It has been an active period for the Australian Academy of Science and the EMCR Forum. I hope that you enjoy the July issue of EMCR Pathways.

Effective science communication for EMCRs

In April, the EMCR Forum held its showpiece conference, ‘Science Pathways 2015: Effective Science Communication for EMCRs’ in Adelaide. Andrew Siebel reviews the highlights from the meeting.

Get involved with science outreach through Nova

The Academy has just relaunched its public engagement website, Nova, and is looking for EMCRs in a variety of fields to be experts, answering questions from readers and writing short articles for the website.

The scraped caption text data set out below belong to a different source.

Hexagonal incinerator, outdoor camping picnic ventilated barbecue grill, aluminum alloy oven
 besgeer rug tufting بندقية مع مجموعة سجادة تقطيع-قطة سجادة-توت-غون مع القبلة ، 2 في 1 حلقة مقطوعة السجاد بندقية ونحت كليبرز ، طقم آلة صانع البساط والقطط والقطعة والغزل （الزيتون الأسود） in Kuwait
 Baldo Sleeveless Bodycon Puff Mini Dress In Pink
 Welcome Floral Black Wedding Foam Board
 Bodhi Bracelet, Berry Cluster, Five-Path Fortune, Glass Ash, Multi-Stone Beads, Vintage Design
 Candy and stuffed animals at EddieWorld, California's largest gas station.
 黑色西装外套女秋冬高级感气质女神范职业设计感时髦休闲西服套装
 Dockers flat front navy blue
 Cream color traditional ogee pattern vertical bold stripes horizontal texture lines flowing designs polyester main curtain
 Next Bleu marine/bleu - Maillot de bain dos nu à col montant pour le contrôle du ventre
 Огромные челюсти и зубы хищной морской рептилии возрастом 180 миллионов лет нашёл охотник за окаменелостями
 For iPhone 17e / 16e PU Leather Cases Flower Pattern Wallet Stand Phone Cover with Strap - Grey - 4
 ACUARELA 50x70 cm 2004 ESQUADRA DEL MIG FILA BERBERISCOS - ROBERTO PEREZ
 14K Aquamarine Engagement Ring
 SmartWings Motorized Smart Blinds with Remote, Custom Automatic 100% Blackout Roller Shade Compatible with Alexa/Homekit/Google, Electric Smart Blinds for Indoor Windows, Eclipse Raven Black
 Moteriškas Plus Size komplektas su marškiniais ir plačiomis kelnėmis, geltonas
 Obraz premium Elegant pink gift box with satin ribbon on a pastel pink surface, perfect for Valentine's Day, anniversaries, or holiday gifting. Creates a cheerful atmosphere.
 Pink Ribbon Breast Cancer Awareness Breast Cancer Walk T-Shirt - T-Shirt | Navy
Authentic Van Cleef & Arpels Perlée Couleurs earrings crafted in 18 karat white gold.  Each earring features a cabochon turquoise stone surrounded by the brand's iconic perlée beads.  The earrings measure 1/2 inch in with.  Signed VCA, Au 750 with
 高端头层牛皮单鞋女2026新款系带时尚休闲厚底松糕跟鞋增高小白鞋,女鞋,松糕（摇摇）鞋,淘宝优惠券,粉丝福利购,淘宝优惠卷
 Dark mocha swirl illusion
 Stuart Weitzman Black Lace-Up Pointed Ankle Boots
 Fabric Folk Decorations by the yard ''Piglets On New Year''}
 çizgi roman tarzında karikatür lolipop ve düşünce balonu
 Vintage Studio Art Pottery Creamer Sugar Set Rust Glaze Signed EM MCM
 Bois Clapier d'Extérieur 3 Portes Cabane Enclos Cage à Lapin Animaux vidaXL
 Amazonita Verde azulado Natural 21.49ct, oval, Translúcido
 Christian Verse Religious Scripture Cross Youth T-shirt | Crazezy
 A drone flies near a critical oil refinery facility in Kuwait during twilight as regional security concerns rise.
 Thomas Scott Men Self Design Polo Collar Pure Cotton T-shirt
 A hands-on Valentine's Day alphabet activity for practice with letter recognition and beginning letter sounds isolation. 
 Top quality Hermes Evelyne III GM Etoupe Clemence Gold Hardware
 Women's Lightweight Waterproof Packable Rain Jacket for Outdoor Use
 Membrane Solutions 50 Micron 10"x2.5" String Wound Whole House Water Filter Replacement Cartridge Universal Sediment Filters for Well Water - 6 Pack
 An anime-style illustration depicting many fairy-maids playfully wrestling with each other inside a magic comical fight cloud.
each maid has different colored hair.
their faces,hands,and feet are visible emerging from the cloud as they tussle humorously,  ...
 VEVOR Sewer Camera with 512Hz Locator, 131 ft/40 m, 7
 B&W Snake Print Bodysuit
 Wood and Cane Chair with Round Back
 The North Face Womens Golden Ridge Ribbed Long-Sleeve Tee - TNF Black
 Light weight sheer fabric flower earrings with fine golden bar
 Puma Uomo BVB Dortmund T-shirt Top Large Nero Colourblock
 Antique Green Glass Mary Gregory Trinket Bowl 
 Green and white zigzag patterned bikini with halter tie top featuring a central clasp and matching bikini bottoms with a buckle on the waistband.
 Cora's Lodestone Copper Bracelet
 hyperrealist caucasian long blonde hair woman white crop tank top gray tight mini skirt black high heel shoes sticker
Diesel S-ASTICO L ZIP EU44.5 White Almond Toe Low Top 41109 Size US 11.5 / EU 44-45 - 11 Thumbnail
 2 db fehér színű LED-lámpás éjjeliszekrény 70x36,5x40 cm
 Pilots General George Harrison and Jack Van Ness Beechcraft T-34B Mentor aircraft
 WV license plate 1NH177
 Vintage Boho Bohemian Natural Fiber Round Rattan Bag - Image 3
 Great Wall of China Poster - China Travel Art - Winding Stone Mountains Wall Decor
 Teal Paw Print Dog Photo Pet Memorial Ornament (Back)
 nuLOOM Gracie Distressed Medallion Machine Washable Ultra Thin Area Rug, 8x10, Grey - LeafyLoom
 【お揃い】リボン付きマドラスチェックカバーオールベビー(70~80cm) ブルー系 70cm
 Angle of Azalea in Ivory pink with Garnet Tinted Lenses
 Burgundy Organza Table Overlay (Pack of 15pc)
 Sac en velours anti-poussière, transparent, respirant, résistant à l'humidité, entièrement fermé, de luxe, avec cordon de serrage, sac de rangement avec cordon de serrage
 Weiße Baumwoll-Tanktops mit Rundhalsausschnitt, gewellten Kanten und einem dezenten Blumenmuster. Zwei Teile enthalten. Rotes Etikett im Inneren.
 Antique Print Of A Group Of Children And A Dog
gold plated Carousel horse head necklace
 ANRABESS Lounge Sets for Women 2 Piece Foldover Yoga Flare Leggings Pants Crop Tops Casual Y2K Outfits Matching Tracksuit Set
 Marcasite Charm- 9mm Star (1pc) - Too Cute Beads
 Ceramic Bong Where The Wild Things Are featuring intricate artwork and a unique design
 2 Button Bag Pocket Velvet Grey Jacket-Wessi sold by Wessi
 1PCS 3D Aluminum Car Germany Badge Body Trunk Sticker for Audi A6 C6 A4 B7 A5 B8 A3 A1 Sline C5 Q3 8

Scimex: the Science Media Exchange

Melanie Bagg from the Australian Science Media Centre describes Scimex, a new initiative that seeks to assist scientists get their research into the public arena by connecting them with journalists in need of expert opinion.

Where do EMCRs stand in addressing gender equity issues?

Nyssa Drinkwater gives an impassioned and thought-provoking report on the recent talk on gender equity in academia by Professor Jenny Martin, including what we as individuals can do to address gender equity.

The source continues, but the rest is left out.